Connections bring foot traffic, and foot traffic underlies prosperous places. We depend on and value connections in different ways than in the past. Census data released this year confirms falling commuting by car and rising use of transit, bike commuting, and walking. America’s two largest demographic groups – Baby Boomers and the “Millennials” – are aligned in driving this trend.

Stronger links between buildings and their surroundings have long been values of urban designers. Increasingly, because these links present a business case by reducing vacancy and increasing lease rates, commercial tenants, property managers and owners are focusing on connections to neighboring property.
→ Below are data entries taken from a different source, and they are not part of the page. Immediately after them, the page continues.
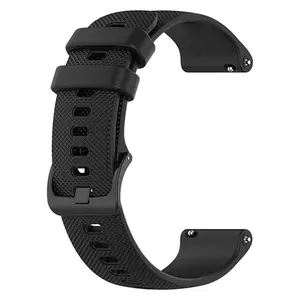 18/20/22mm Silicone Watch Bands for Huawei Xiaomi Garmin Samsung Amazfit Smartwatches, Compatible Soft and Durable Strap, Watch Straps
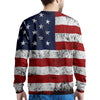 USA Flag Grunge Print Men's Sweatshirt-grizzshop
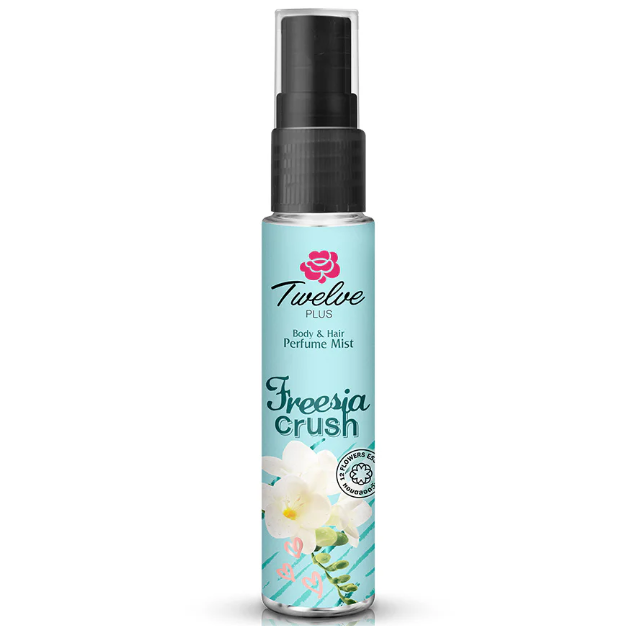 Twelve Plus Body & Hair Perfume Mist - Freesia Crush 25ml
Connections nearly always involve interaction with both private and public sectors. Consider these examples:

  • Average space per employee has fallen from 500-700 square feet to 200 today, and is still dropping. Accommodating the needs of more employees, and maximizing spillover benefits, involves the public and private sectors, and can distinguish property owners and increase demand and values.
  • In 2011, transit in the region will move over 80 million passengers, including 69% who choose transit instead of their cars. In Minneapolis, the number of bicycle commuters increased by 27% from 2007-10. Property owners and managers prepared to engage these audiences will link to a growing base of consumers arriving by bicycle and foot.

Donjek has demonstrated expertise in real estate finance, public/private sector negotiations, and planning to help owners, managers and other users of urban real estate increase the function and desirability of property. More specifically – we can work with you to:

  • Serve as your “R&D” function to take advantage of ways to attract feet
  • Enhance visibility, increase safety, and boost foot traffic
  • Create value by taking advantage of proximity to nearby large employers or institutions
  • Produce real-time analysis of TIF cash flow of any district that may contain your property
  • Monitor the development process of nearby parcels in transition, for impacts on your transportation, zoning, or other assets
  • Create communication about these initiatives in a way that sets you apart.

The preferences of businesses and their customers are evolving. Tenants and their customers are leading the way, and you have an opportunity to attract and retain them with innovative strategies that reflect an evolving set of demands.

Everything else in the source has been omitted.